AMMAN — The Lower House elections were efficiently organised and took place in a largely peaceful atmosphere, but some shortcomings were observed, international monitors said on Wednesday.
The International Republican Institute and the National Democratic Institute sent a mission of 45 observers from 26 countries to monitor polling stations on Tuesday, co-led by former Kosovo president Atifete Jahjaga.
“While there were isolated problems, most voters were able to exercise their rights,” Jahjaga said at a press conference.
A key issue was the presence of campaigners and campaign material near polling stations, the mission said in a statement.
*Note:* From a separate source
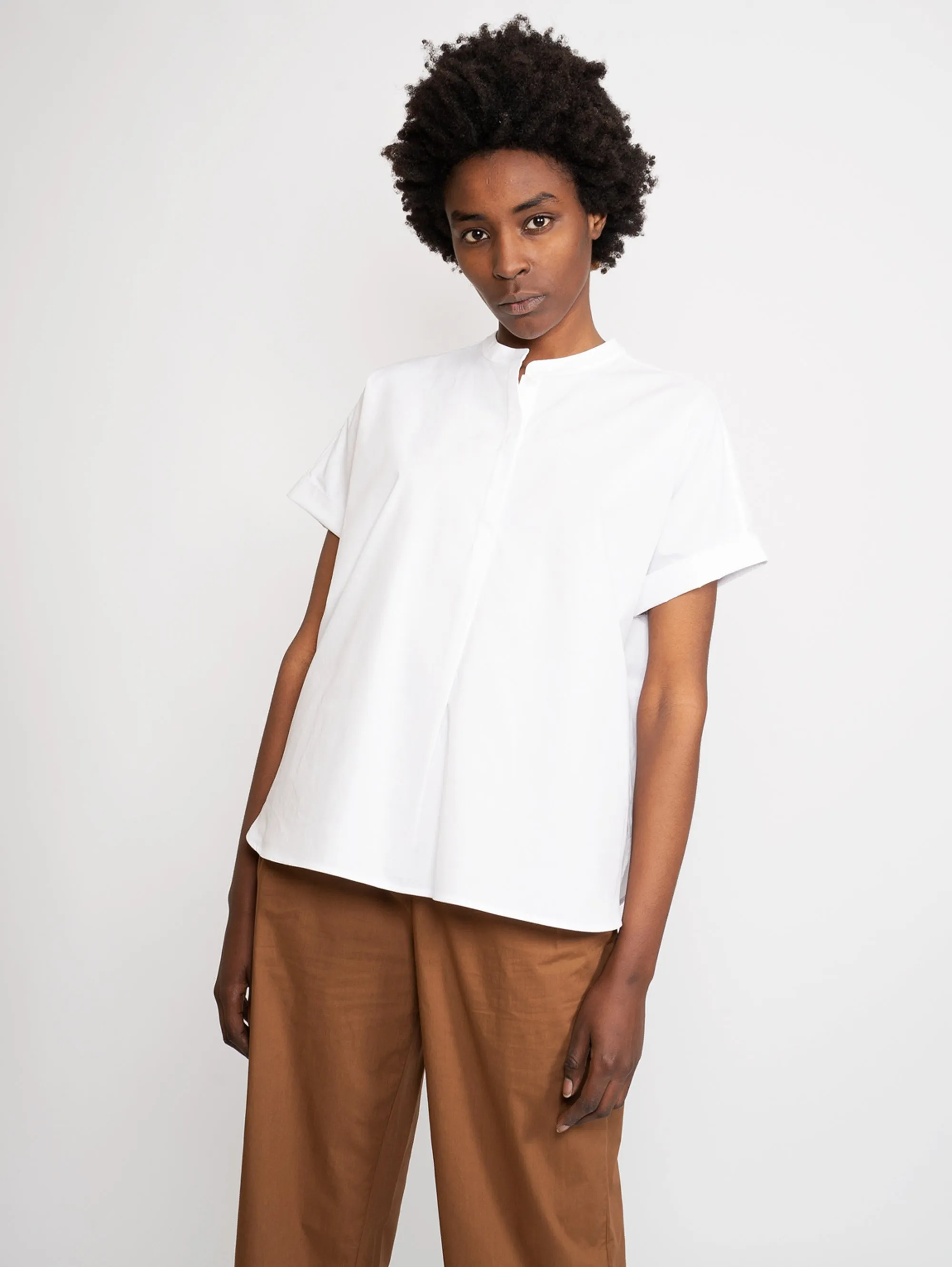 Camicia in Cotone Maniche Corte Bianco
The Elections Law bans campaigning within 200 metres of voting centres, but the restriction was routinely flouted, according to the observers.
“Active campaigning was observed directly outside many polling stations, and in some cases, campaign materials were observed inside,” the mission’s statement added.
“Candidates’ supporters, including young children in many instances, distributed flyers or coffee to voters in front of the centres, and some wore shirts, hats and vests displaying the name and photo of their candidates,” the mission added.
The secrecy of the vote was not always respected, as observers noted numerous instances of “public voting”, where voters announced whom they had voted for or displayed their ballots, the mission said.
While polling station staff willingly provided assistance to people with disabilities inside voting centres, many polling locations had very limited access for disabled voters, the statement noted.
Vote count was slow in some polling stations due to the longer ballot required by the new electoral system, and also because voters could cast multiple votes in this year’s poll.
Due to the longer counting and verification process, results were announced 24 hours later than in previous elections.
Observers reported significant differences in voter participation. Very few young voters were seen in the majority of visited centres, the delegation said.
“Some voters were sent away as they were not on the list for that centre or did not bring their IDs. In some cases, voters’ names did not appear in the nationwide voter registry, though they claimed to have voted in the 2013 elections.”
The joint mission issued a set of recommendations calling for key decisions to improve voter education and information sharing.
The Independent Election Commission should consider investing in additional training for polling and counting officials to better ensure observer access and the transparency of election day processes, and to fully protect the secrecy of votes.
Further, the mission said, the distribution of voters per seat should be rebalanced to ensure a more equitable representation of voters in Parliament.
Additional measures are also needed to increase the representation of women in political life and party leadership, the mission recommended.